On Nov. 7, no-moat Gap GPS announced that longtime employee Art Peck is resigning as CEO after more than four years in the position and, separately, that third-quarter sales and earnings had badly missed expectations. Shares dropped a high-single-digit percentage in post-market trading on the news. Peck will be replaced as CEO on an interim basis by chairman Robert Fisher until a replacement can be found. The announcement came less than two months after Gap held an analyst event to discuss the planned separation of Old Navy from the rest of the company. While Gap claims the Old Navy separation will go forward, we believe it makes little sense to spin Old Navy given the drop in its business (three straight quarters of negative same-store sales).

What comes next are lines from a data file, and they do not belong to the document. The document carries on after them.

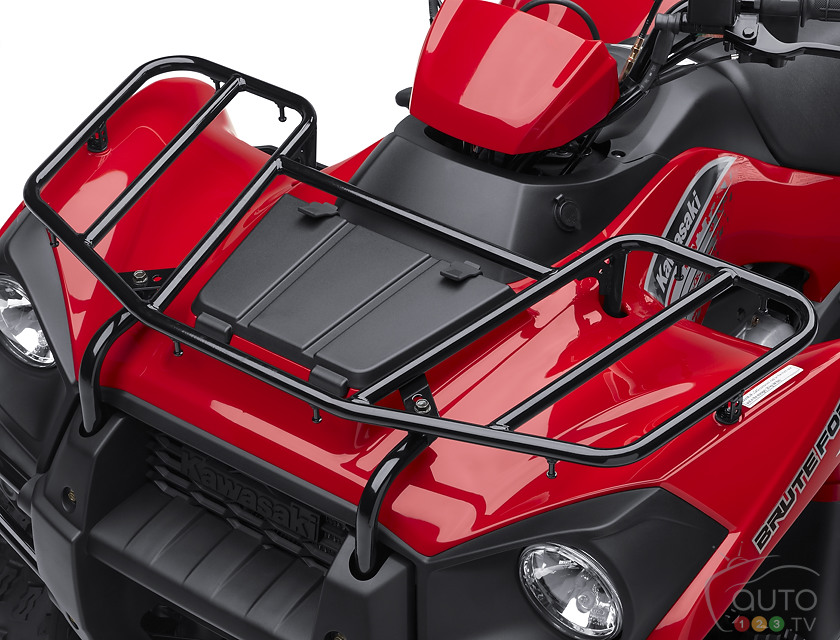 2013 Kawasaki Brute Force 300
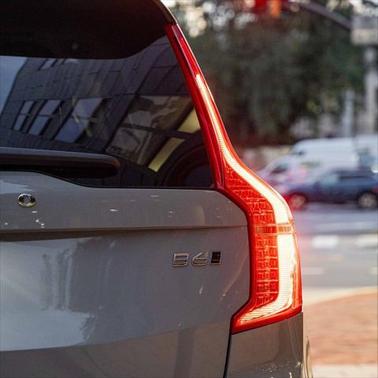 2025 Volvo XC90 Plus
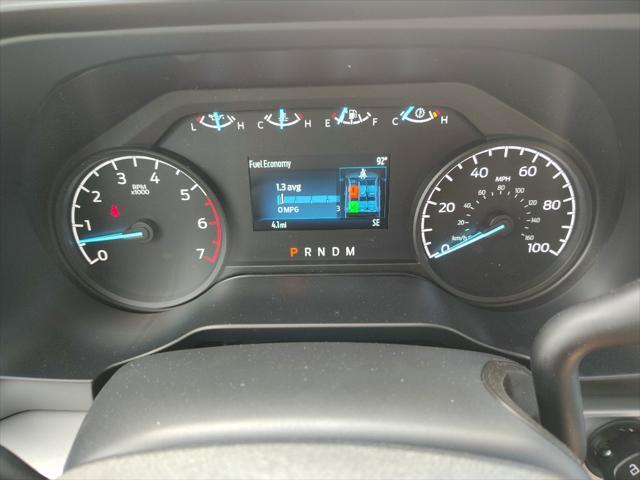 new 2025 Ford F-250 car, priced at $56,455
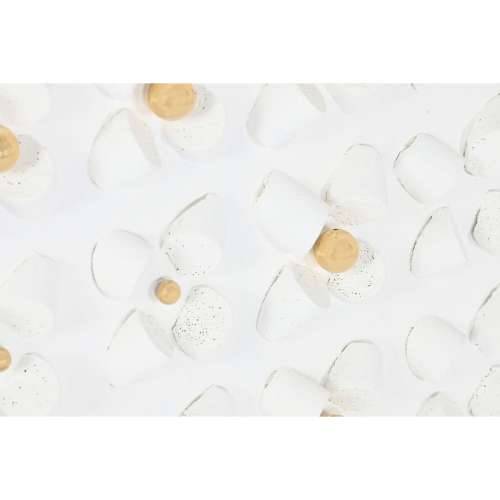 Slika Home ESPRIT Bijela Crna Apstraktno moderan 100 x 3,5 x 100 cm (2 kom.) Cijena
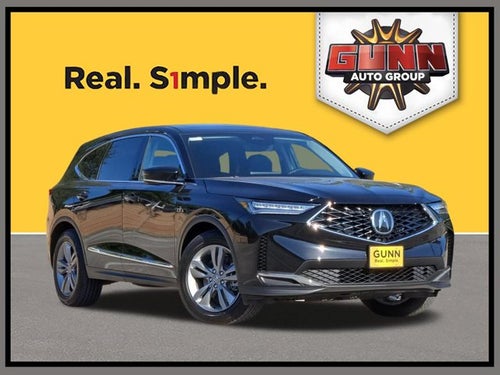 2026 Acura MDX SH-AWD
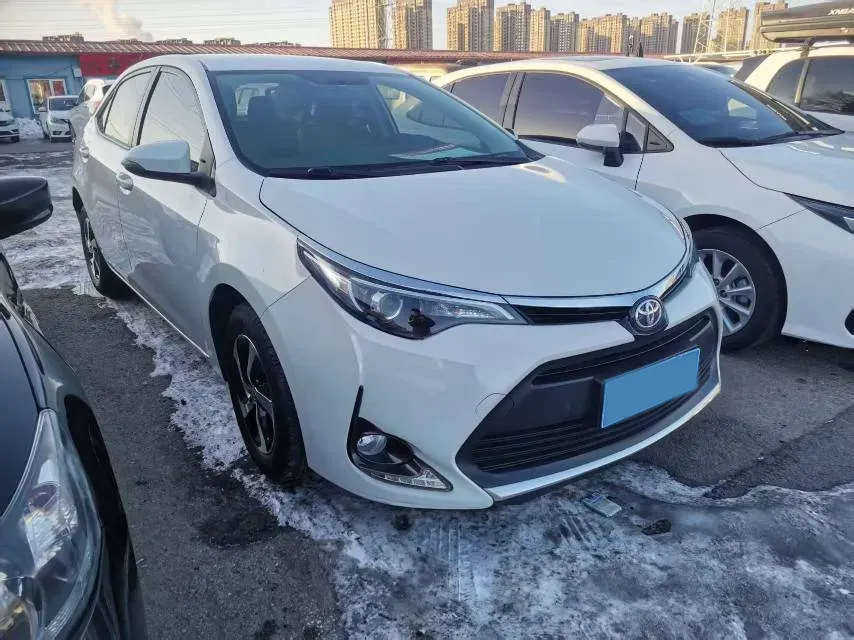 2017 Toyota Levin 1.2T 116HP L4 CVT,autocango,china used car exporter,china ev exporter,chinese used car exporter,chinese used ev exporter
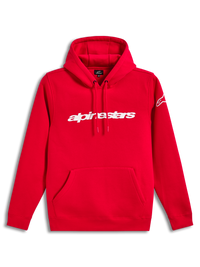 Race Wordmark Hoodie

Gap's consolidated same-store sales of negative 4% in the third quarter missed our negative 2% view as none of its three segments performed well. Gap Global's same-store sales of negative 7% fell far short of our negative 2% forecast even though the comparison was relatively easy (negative 7% last year). These results come even as Gap has already closed many of its lowest-performing stores. Meanwhile, Old Navy's same-store sales of negative 4% and Banana Republic's same-store sales of negative 3% each missed our forecasts by one percentage point. Further, Gap projected third-quarter adjusted EPS and GAAP EPS ranges of $0.50-$0.52 and $0.34-$0.36, respectively, versus our forecasts of $0.58 and $0.43, respectively. For the full-year, Gap guided to adjusted EPS of $1.70-$1.75, well below our $2.09 forecast. This guidance suggests poor sales and earnings in the fourth quarter as well. Gap will report its full third-quarter earnings on Nov. 21. It is highly likely that the weak sales negatively impacted gross and operating margins in the quarter. We view Gap as undervalued but expect to reduce our fair value estimate of $27 by a mid-single-digit percentage based on the sales trends and expected margin deterioration.